| What to do |
Every line below between the one holding "Situato ad Alonte, proponiamo" and the one holding "Foto 1 van Dr. Poelsstraat 21", inclusive, should be copied exactly, and no other line.

Source material Block Start

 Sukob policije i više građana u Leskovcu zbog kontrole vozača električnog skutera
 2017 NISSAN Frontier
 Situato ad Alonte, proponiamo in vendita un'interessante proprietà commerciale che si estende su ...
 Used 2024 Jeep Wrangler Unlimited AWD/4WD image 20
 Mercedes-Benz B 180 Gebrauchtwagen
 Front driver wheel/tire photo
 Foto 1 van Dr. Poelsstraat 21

Source material Block End
Source material Block Start

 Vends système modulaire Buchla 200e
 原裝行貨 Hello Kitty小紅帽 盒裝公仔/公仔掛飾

Source material Block End

| Problem solution |
 Situato ad Alonte, proponiamo in vendita un'interessante proprietà commerciale che si estende su ...
 Used 2024 Jeep Wrangler Unlimited AWD/4WD image 20
 Mercedes-Benz B 180 Gebrauchtwagen
 Front driver wheel/tire photo
 Foto 1 van Dr. Poelsstraat 21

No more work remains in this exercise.